Journalism is reporting things powerful people want kept hidden for the wrong reasons. Moral wrongs. Bad behaviors.
Journalists are the custodians of the public’s conscience. As we’ve gone deeper and deeper exposing and
illuminating corruption, the lies hidden from public view, the line that which separates good and evil becomes more
clear-- not just in the institutions we investigate, but within one another
Throughout my 13-year journey, our mission has evolved from simply being about exposing the truth with help from
some hidden cameras to something more transcendental-- giving people hope. And as we ascended into that higher
purpose, we have suffered through triumph and disaster along the way, in a similar fashion to the experiences I wrote
about in the chapter of American Muckraker called “Suffering.”
“The line separating good and evil passes not through states, nor between classes, nor between political parties
either — but right through every human heart.”
-Aleksandr Solzhenitsyn
That line in the sand becomes more clear the deeper and further we go; the cream rises to the top.
I’ve felt despair, seen evil, and felt overcome these last few weeks. You could say I’ve seen glimpses of heaven and
of hell, of darkness and of light. But what I take away from these is the gratitude and tears of joy I’ve experienced
along the way. There is such goodness in so many of you, and the generosity and good-will we have steadily built up
over the past decade-and-a-half is everywhere around me: thousands of texts and phone calls poured in from people
concerned about my well being. As I was going through this process, I reflected upon my appreciation for so many of
you. What makes us great is that we do this work because we believe-- we have a passion and a flair for storytelling,
for principle, for doing the right thing, and for producing visual art-- cinema verité – no matter what. These are ties
that bind us.
I know many of you have experienced despair alongside me, in spirit. One of you just told me you’d go work at
Walmart on the night shift so you could do this during the day, rather than be a sellout. In fact, I know that is true of
many of you, and many more out there who wish to be a part of this.
I remember back in the beginning when I had no money: I would have to use bubble gum, duct tape, and my
grandmother’s chinchilla. I literally had to place a Project Veritas sticker to a piece of cardboard and tape it to a
RadioShack microphone because I was so broke-- and this was after experiencing a meteoric high of the ACORN
story. I became broke again because I was arrested and then crashed down to a meteoric low, back in the carriage
house, resorting once again to bubble gum and duct tape to achieve the NPR investigation that took us yet again
once more into a meteoric high. I was so broke that I had to scribble my name and phone numbers on ripped pieces
of paper because I had no business cards.

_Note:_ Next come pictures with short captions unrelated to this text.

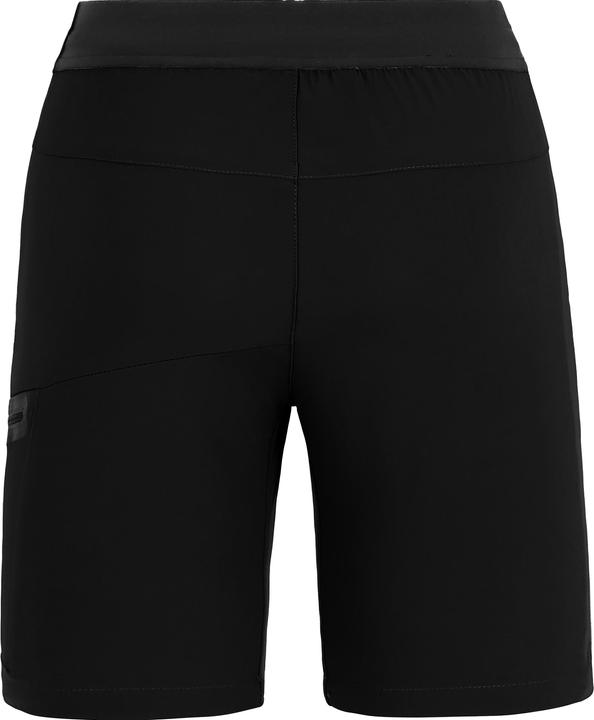 Produktbild Salewa Agner Durastretch Jungen Kurzhose (164)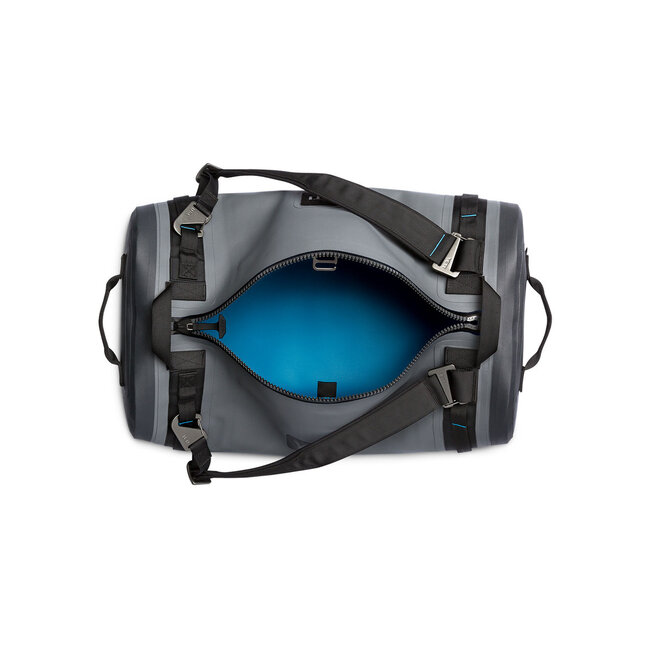 Yeti Panga 50L WATERPROOF DUFFEL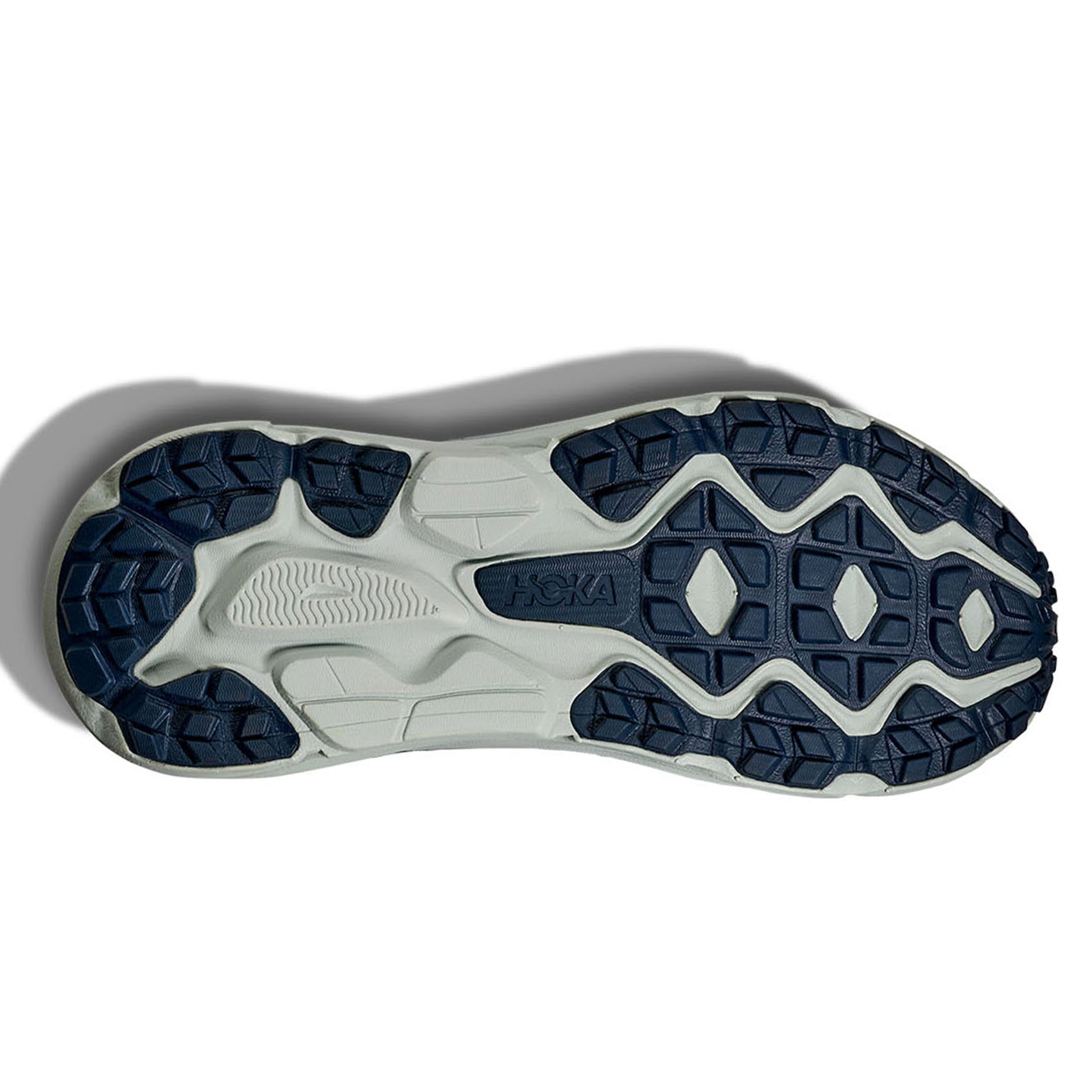 Womens HOKA Challenger ATR 7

And so the saga of this guerrilla journalist continues.


Back then there were no employees or budget, but I felt the same sensation this week. As Steve Jobs once wrote
about after being fired from Apple, the company he founded, “The heaviness of being successful was replaced by the
lightness of being a beginner again, less sure about everything. It freed me to enter one of the most creative periods
of my life.”
I trudged on: from the back of that stretch limo, with two dudes dressed like Muslim brotherhood fundamentalists and
armed with hidden cameras, Project Veritas was born again once more in 2011 for a second time. A couple of donors
eventually became almost 100,000 donors 13 years later, after almost a decade-and-a-half of 85-hour work weeks,
300 days of travel a year, and plenty of blood, sweat, and tears, the likes of which I could never have fathomed.
The external threats and pressure inflicted against me has been unimaginable. These include getting handcuffed by
the FBI on two separate occasions, 12 years apart, having my phones confiscated and private information leaked to
media, being placed on effective house arrest for three years, being sued dozens of times, being served two separate
criminal grand jury subpoenas in NH, getting pursued in high speed chase by a NJEA union official on Interstate 80,
deposed many times over, suffering through mediation with insurance companies, facing two federal jury trials in
three years, receiving hundreds of smears and false accusations, getting my home raided by the FBI, and having our
office destroyed by a hurricane, which forced us into a temporary workspace before rebuilding, and stirred up
disgruntled employees unloading grievances upon me. The list goes on.
Even so, as a former board member told me in 2013: Project Veritas will never be stopped from the outside - it will
only be because we stopped ourselves.
Prophetic as it may be, that is exactly where we find ourselves in the situation today - a situation where I have been
stripped of my authority as CEO and removed from the board, contrary to what any public statements may say.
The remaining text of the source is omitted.